## Aim of the task
Your reply must contain the lines from the one with "MIULEE Vorhang Gardinen" through the last line of the material, exact and complete, with no pictures and no other text.

## Supplied data

----

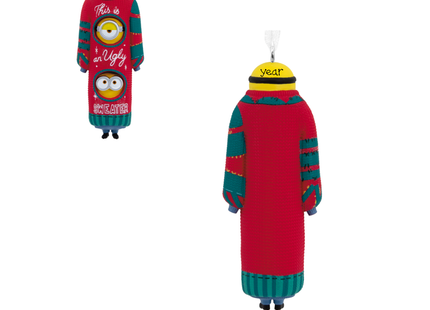Personalized Minions ugly Christmas sweater ornament with custom year.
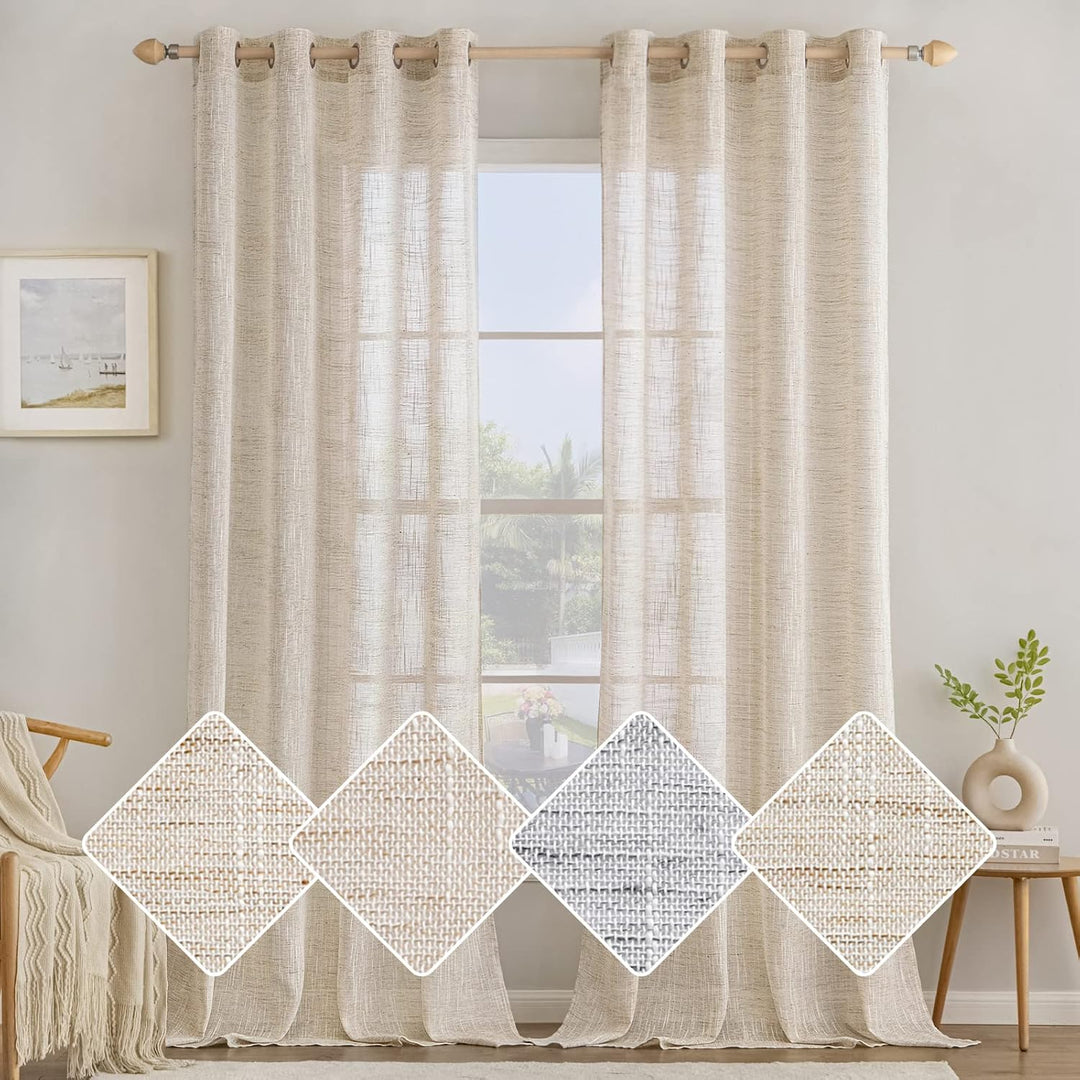 MIULEE Vorhang Gardinen Leinen mit ösen Voile Vorhänge Leinenoptik Gardinen Wohnzimmer Modern Fenste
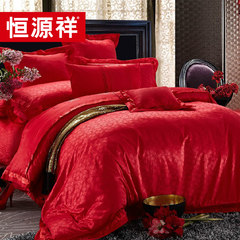 European red wedding eleven Hengyuanxiang cotton satin jacquard cotton set wedding 11 a genuine Suite The eleven sets of 100 1.8m (6 feet) bed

----

## Solved problem
 MIULEE Vorhang Gardinen Leinen mit ösen Voile Vorhänge Leinenoptik Gardinen Wohnzimmer Modern Fenste
 European red wedding eleven Hengyuanxiang cotton satin jacquard cotton set wedding 11 a genuine Suite The eleven sets of 100 1.8m (6 feet) bed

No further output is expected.